** MATERIAL PROVIDED follows **

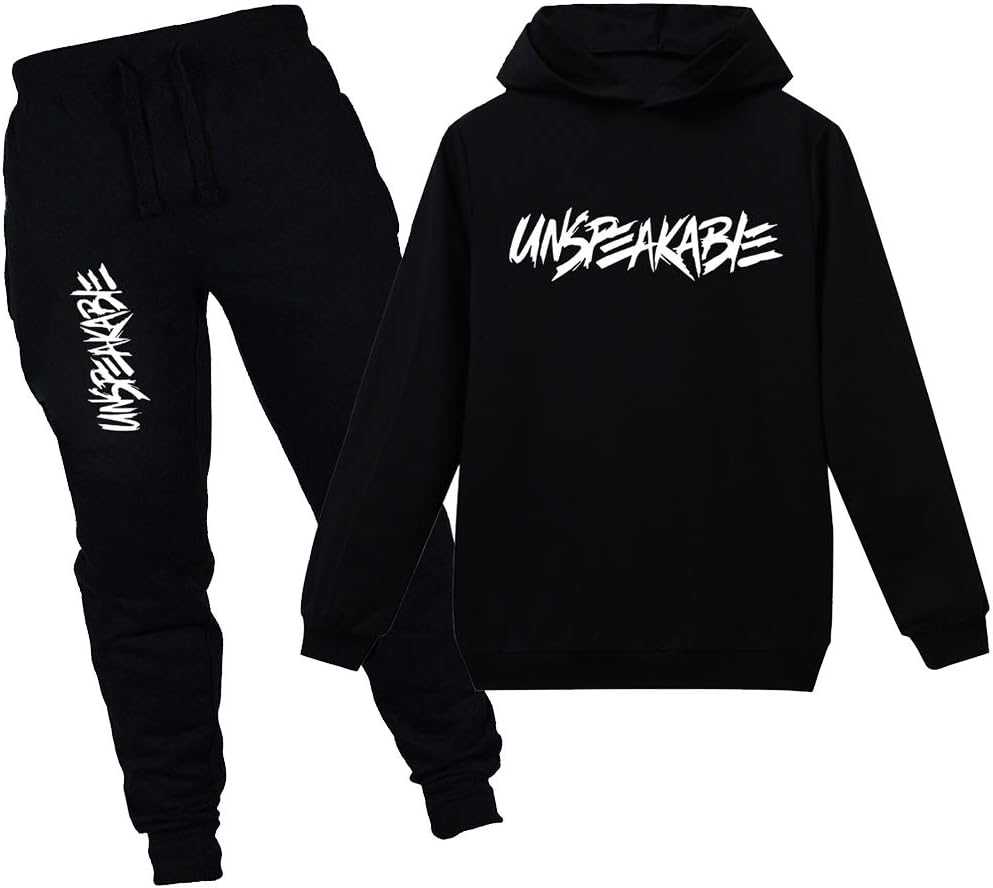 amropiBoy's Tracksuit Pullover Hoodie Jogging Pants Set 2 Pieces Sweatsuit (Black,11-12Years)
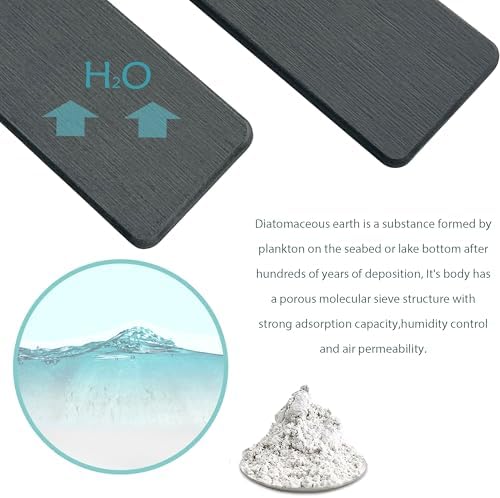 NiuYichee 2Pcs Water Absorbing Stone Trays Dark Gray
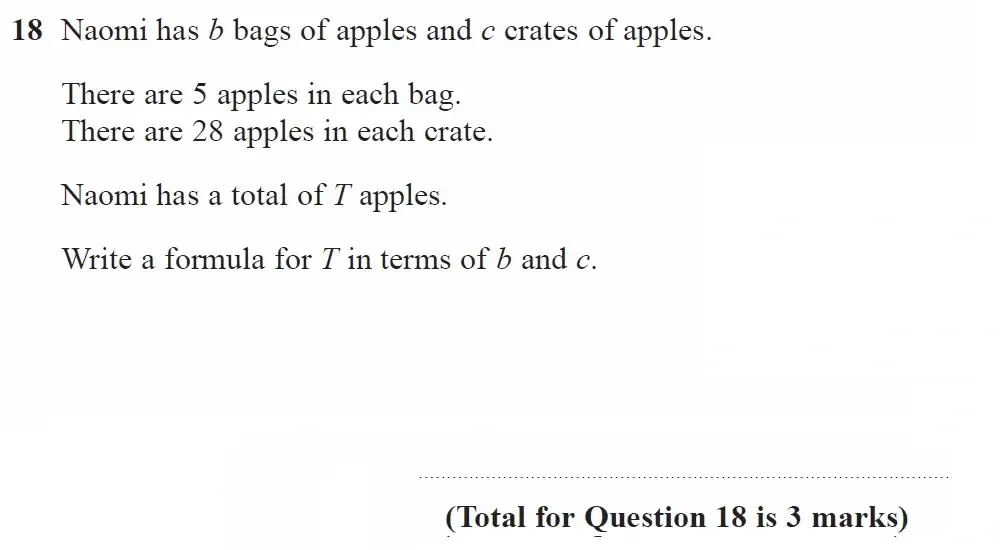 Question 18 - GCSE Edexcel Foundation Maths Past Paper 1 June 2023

** End of MATERIAL PROVIDED **

TRY IT: Could you output the entire listing verbatim while omitting its pictures?

ANSWER TO THIS TASK:
 amropiBoy's Tracksuit Pullover Hoodie Jogging Pants Set 2 Pieces Sweatsuit (Black,11-12Years)
 NiuYichee 2Pcs Water Absorbing Stone Trays Dark Gray
 Question 18 - GCSE Edexcel Foundation Maths Past Paper 1 June 2023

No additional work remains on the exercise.